Pour Fénelon, on n’a guère douté, jusqu’au Père Griselle, qu’il ne s’en fût pris à Bourdaloue dans ses Dialogues sur l’éloquence, et la raison qu’on en donne est ordinairement celle-ci, qu’il y a peu de rapports entre le génie didactique, méthodique et sévère, de Bourdaloue, et le génie plutôt chimérique, inégal et capricieux, de l’archevêque de Cambrai. Mais il est permis aujourd’hui d’ajouter que Fénelon avait des rancunes tenaces, et, tout ami qu’il fût de la Compagnie de Jésus en général, il n’avait pardonné sans doute à Bourdaloue ni son intervention auprès de Mme de Maintenon dans la querelle du quiétisme, ni la manière dont le grand orateur avait parlé, dans son sermon Sur la Prière, — le second des éditions, — de l’abus et du danger de « l’oraison extraordinaire[1]. » J’en extrais quelques lignes qui sont à la fois un commentaire du mot qu’on prête à Louis XIV sur Fénelon, et un témoignage éloquent de ce que Bourdaloue a voulu qu’il y eût toujours d’éminemment raisonnable dans sa religion.

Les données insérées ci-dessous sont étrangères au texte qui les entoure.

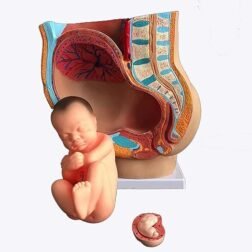 Human Female Pelvis Pregnancy Anatomy Model with Fetus for Study - Image 2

J’appelle oraison chimérique, celle dont l’Évangile ne nous parle point, et que Jésus-Christ ni saint Paul ne nous ont enseignée… J’appelle

  1. Je sais bien que les Dialogues passent aujourd’hui pour être un ouvrage de la jeunesse de Fénelon ; mais le fait est qu’on n’en sait rien ; et ce qui est certain, c’est qu’ils n’ont paru qu’en 1718.